Ao jantar, em Santiago, conversava com o Padre Almiro sobre as diferenças entre o Caminho e a Peregrinação a Fátima. Antes que eu formulasse a minha recém descoberta constatação, ele confirmou-a: "a peregrinação a Fátima é espiritual, nasce da dor e complementa-se na oração; o caminho de Santiago tem outro tipo de espiritualidade, nasce do próprio caminho. Mas não é devoção."
Este ano, em que no espaço de 15 dias tive a oportunidade de caminhar para ambos os destinos, não mudou o que sinto. Se me convidassem para fazer ambas as peregrinações, optaria sempre por Santiago. Tem muito mais a ver comigo. O caminho mais como descoberta e menos como cumprimento de promessa; o caminho mais como partilha e menos como sofrimento silencioso, e silenciado; o caminho mais como alegria de sentido e menos como sentimento de dor.

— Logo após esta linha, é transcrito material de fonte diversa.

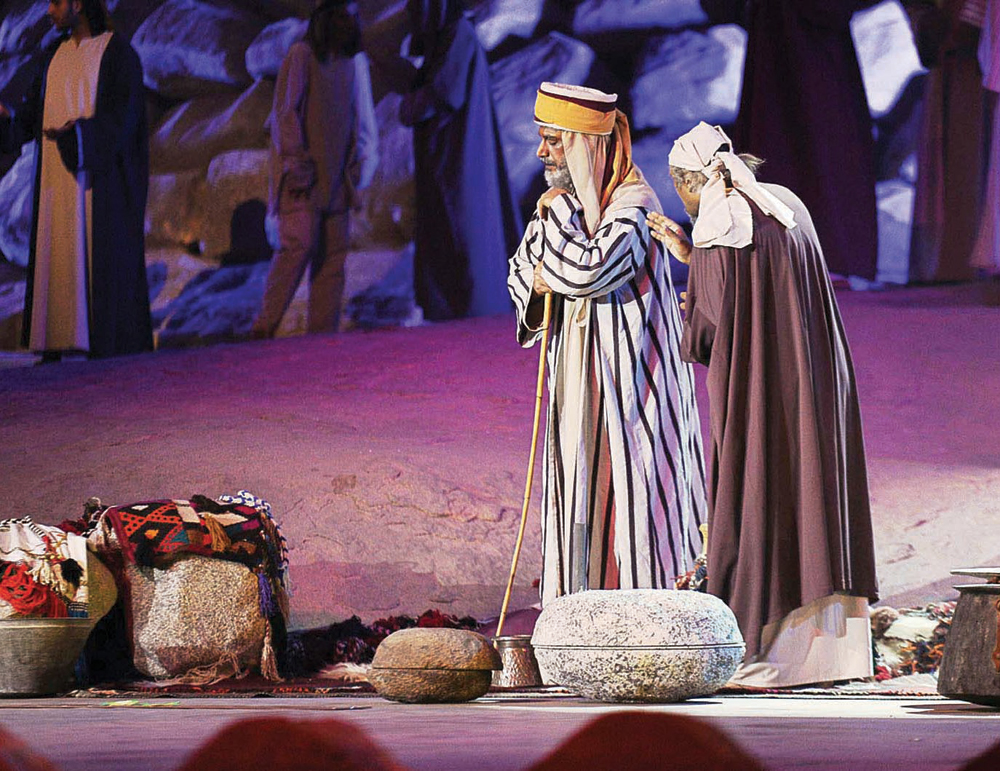 خشبة المسرح .. من الترفيه إلى التوعية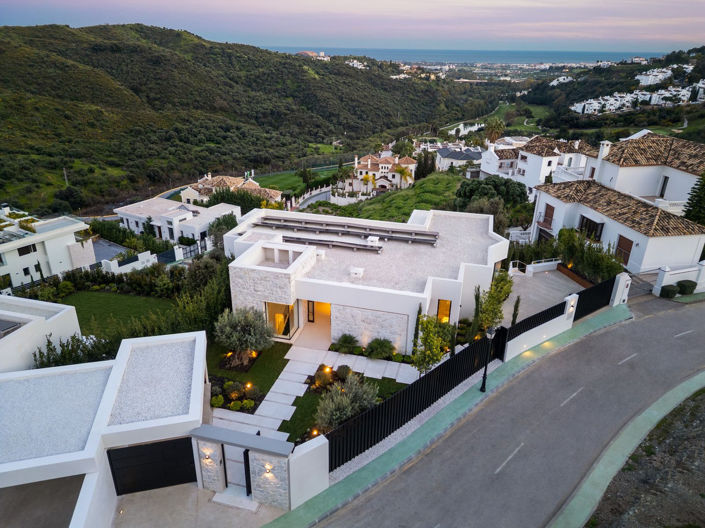 Image No.27-6 Bed House for sale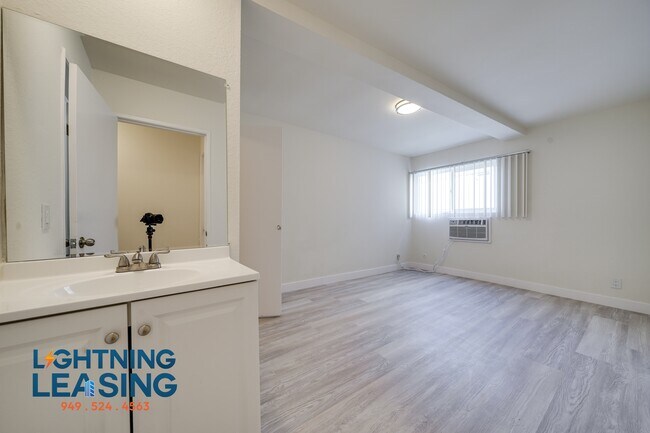 Building Photo - 6736 Independence Ave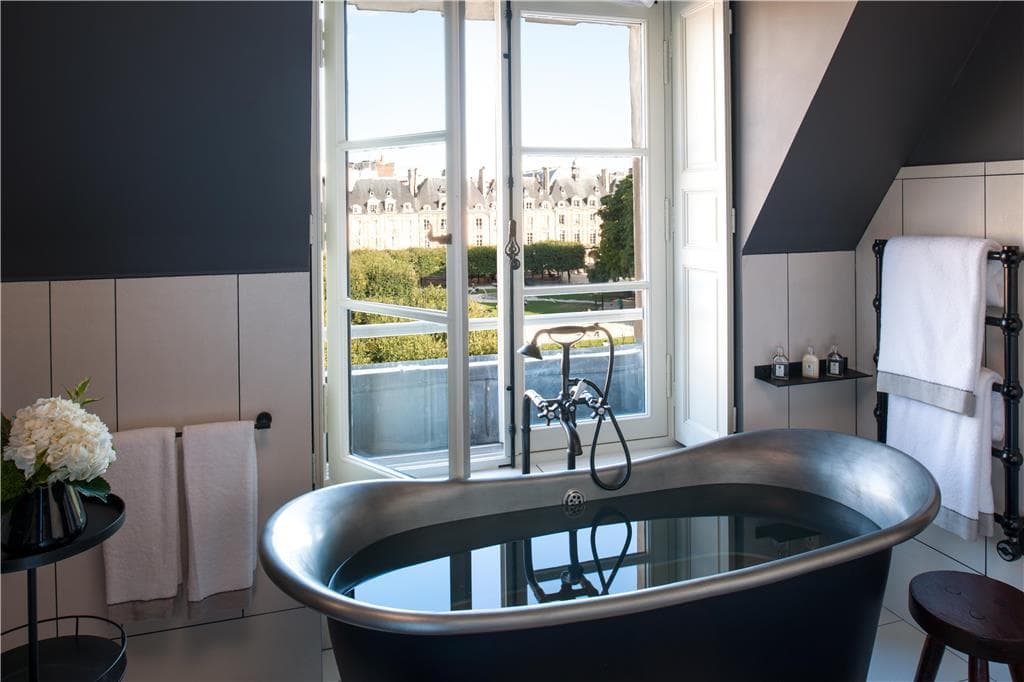 Guest Room,On-Site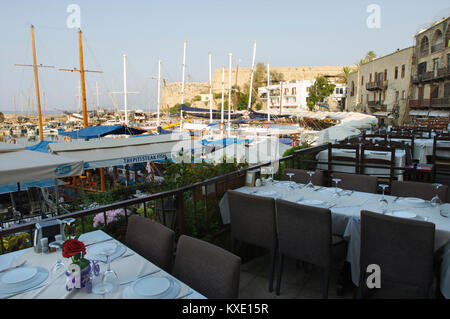 La zone du port de Kyrenia et tables vides dans les restaurants, à Chypre Banque D'Images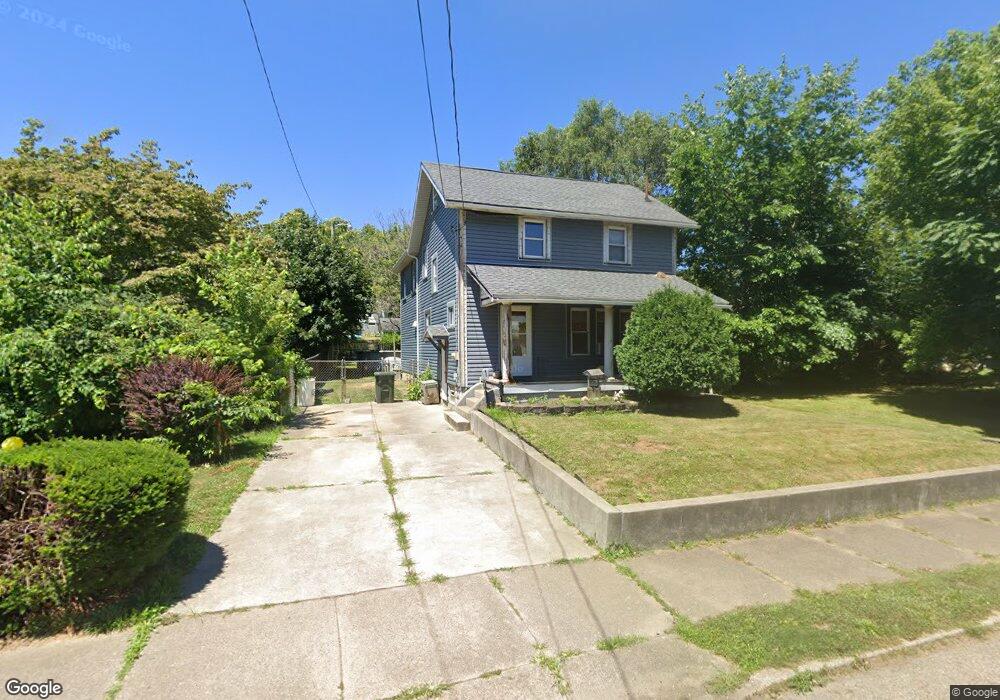 2107 Snyder Ave NE, Canton, OH 44714 - photo 1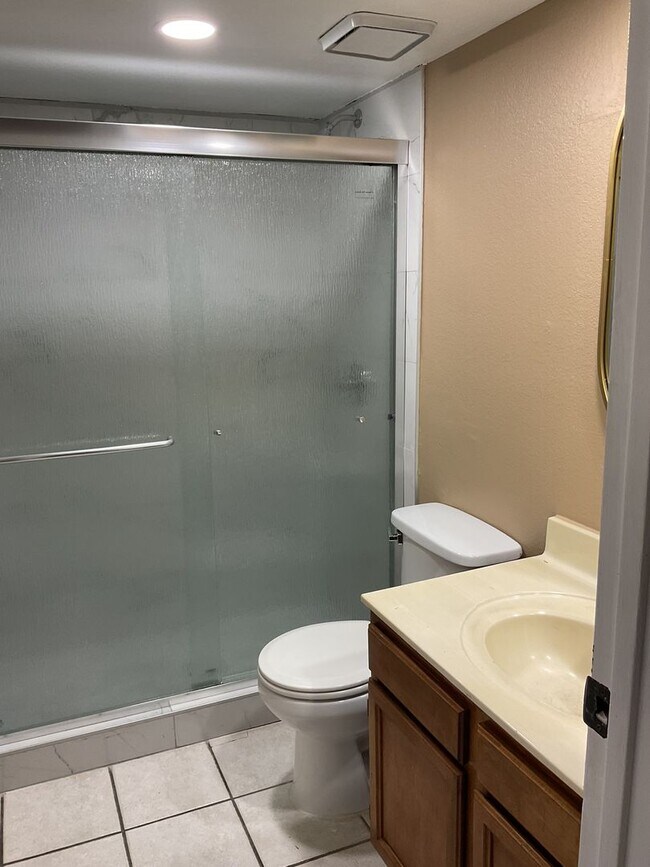 Building Photo - Spacious Townhouse near McKellips & Lindsay across from Community Pool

Isso não quer dizer, no entanto, que não tenha um profundo respeito pelos peregrinos de Fátima. Num recente programa de televisão, entrevistaram uma série de peregrinos, questionando as suas motivações. Todas elas eram cumprimento de promessas, e nove em dez promessas tinham sido feitas não para benefício próprio mas de um filho, de um neto, de um pai... Questiono muitas vezes a bondade da lógica dessas promessas, que andam mais perto do filho mais velho que do filho pródigo. Torço sempre ao nariz à logica mais ou menos mercantilista do "eu dou se me deres, ou porque me deste" que anda longe da lógica de um Pai cujo amor resulta da mais pura gratuidade. Penso sempre que são coisas dos homens, não coisas de Deus. Mas somos homens e é como homens que sofremos e desesperamos e não conseguimos ter a cabeça em cima dos ombros. É como homens que não conseguimos ver para além dos nossos limites. Mas também é como homens que amamos para além dos nossos limites. E parece-me que peregrinar para Fátima é sempre um ato de amor. Despoletado pelo desespero. Mas ainda assim, um ato de amor.